As a banker, a great many of the loans I do are for those looking to purchase real estate – their own office building, warehouse or industrial facility for example. The most common question is whether they can afford it, not whether it makes good financial sense to purchase it.
Why Purchase Real Estate?
One owner may feel a building location is ideal and wants to remain there with no possibility of being evicted.
Having a customer base that is familiar with your location is a big plus.
Other owners want to modify the building to suit their needs, and they don’t want to make those expensive improvements without owning the property.
And of course a building often appreciates in value and allows the owner to build equity.
All of which sounds great – but is it?
Sometimes it Makes Sense, Sometimes it Doesn’t
Well, the short answer is that it depends. If the building is one that is particularly well suited for the company that will occupy it, then it might make sense.

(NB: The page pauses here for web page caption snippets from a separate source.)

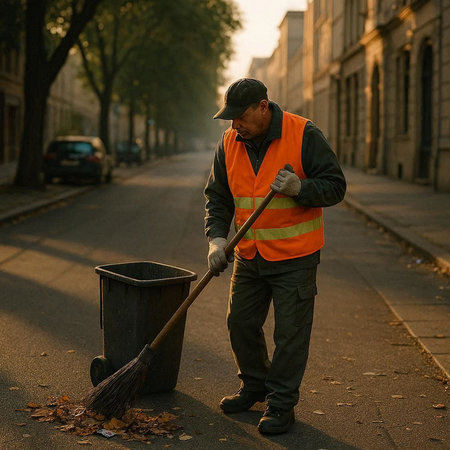 Cleaning the street. A man cleans the sidewalk from fallen leaves.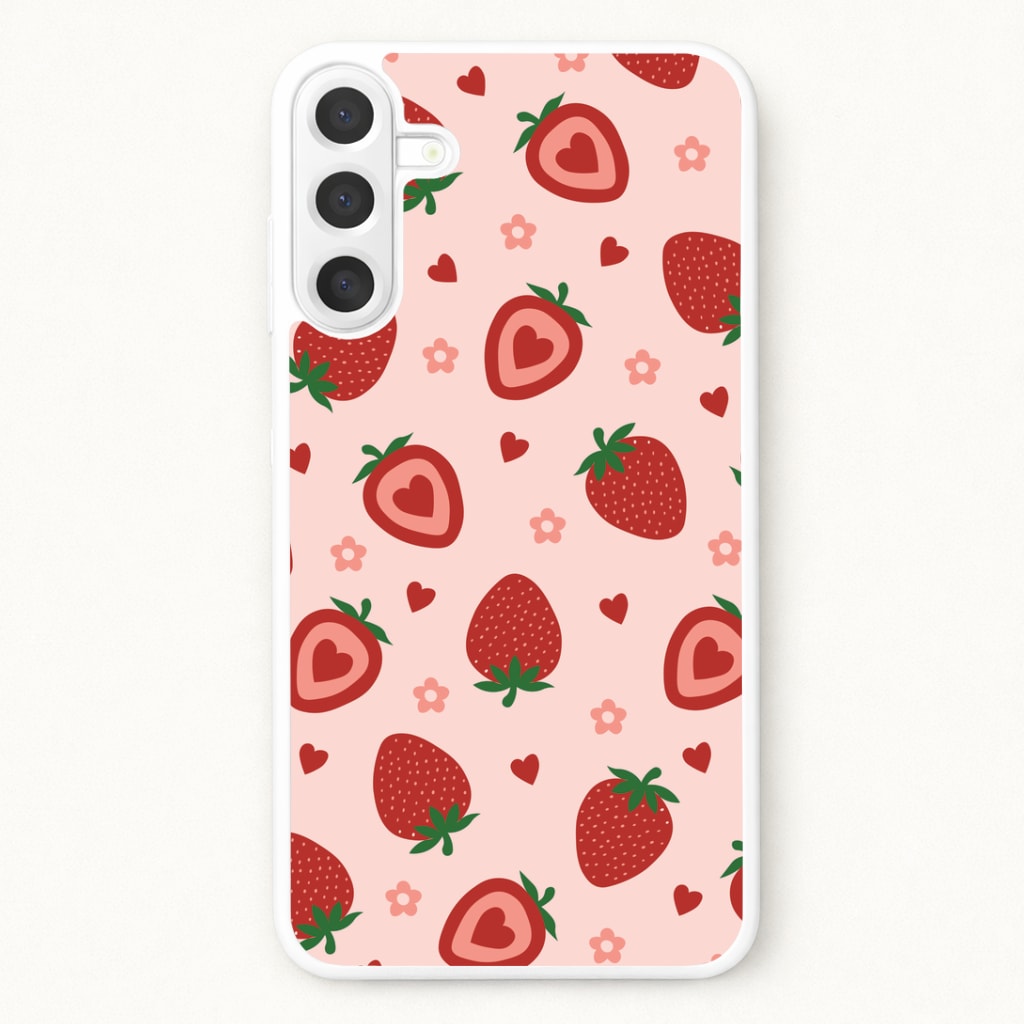 Strawberries And Hearts - Fruit Patterns Phone Case for Galaxy A17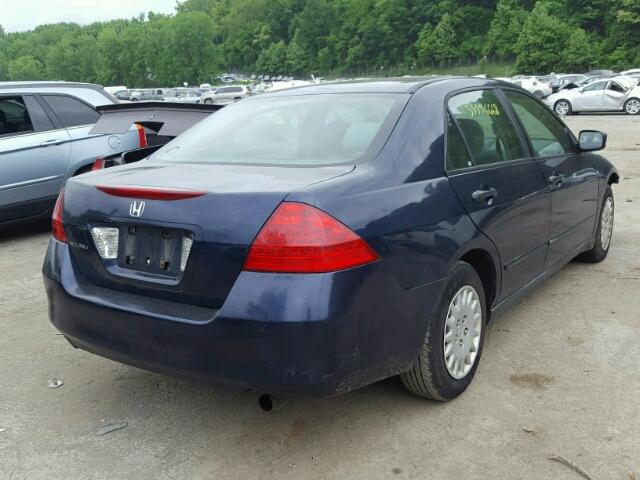 1HGCM56167A011766 - 2007 HONDA ACCORD VAL BLUE photo 4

I have a customer now who produces granite countertops for kitchens and baths. They need enough space to store the stone slabs, and an overhead crane to move them, an entry for a forklift, and a showroom. Getting all of that in one space is difficult. Once they have it, they don’t want to lose it, hence the desire to purchase. It helps that the mortgage payments, if they stay in budget, will be significantly less than rent. This is a great reason to buy.
However, even if mortgage payments are less than rent, other expenses related to the building have to be considered. Taxes and maintenance have to be accounted for. And they go up continuously, so the effect of the increase has to be accounted for.
If payments are tight upon loan closing, it may get worse if substantial repairs have to be made, or if ongoing maintenance turns out to be larger than expected.
The Big Reason Not to Buy
The same capital that is used to purchase real estate can often be used to create more profits in the operations of the company.
I once had a customer whose operations produced $300,000 a year in profits. He took the profits and bought $2,000,000 in investment real estate. Unfortunately the real estate produced only $22,000 of profit each year. He could have put the money in a bond and done far better! Had he put the money into a second location, he might have doubled profits.
Let’s Revisit Return on Assets
Return on Assets (discussed here last week) can used to determine whether the purchase makes good financial sense or not.
Normally the building will have to have a large savings over rent for the Return on Assets of the building alone to justify the purchase. But if the owner takes Return on Assets into account along with other factors, such as any rent savings, desirability of the location, and increases in future value, he or she can begin to get a much better handle on the cost versus benefits.
A building that can appreciate at a high rate annually, or is located in an area that will continue to be desirable long into the future, can produce a return upon its sale. Many owners have decided to sell their operations and keep the building, renting to the new owners. This allows them a steady income, and avoids the large tax hit from a sale.
At this point I should mention that is always desirable, when rates are low, to put as little down on the building as possible. The Return on Assets is almost always higher on the operational entity than it is for the building. So it is in the business’s best interest to keep the cash available to invest in operations rather than the building.
The 504 Loan
The 504 Loan product through the Small Business Administration (SBA) allows the purchaser to put as little as 10% down on the building and finance closing costs when they purchase real estate.
The purchaser puts down 10%, the bank lends 50% and gets a first position lien, and a certified development company (NYBDC is one here in NY State) lends the remaining 40% and takes an SBA guarantee to shore up their second position lien. The interest rate is normally fixed for the entire loan on the portion done by the certified development company.
The program is an excellent one and has been used to assist many an owner in purchasing property for their business.
Owning the building your company operates in is not for everyone, but with a little analysis you can determine if it is right for you to purchase real estate.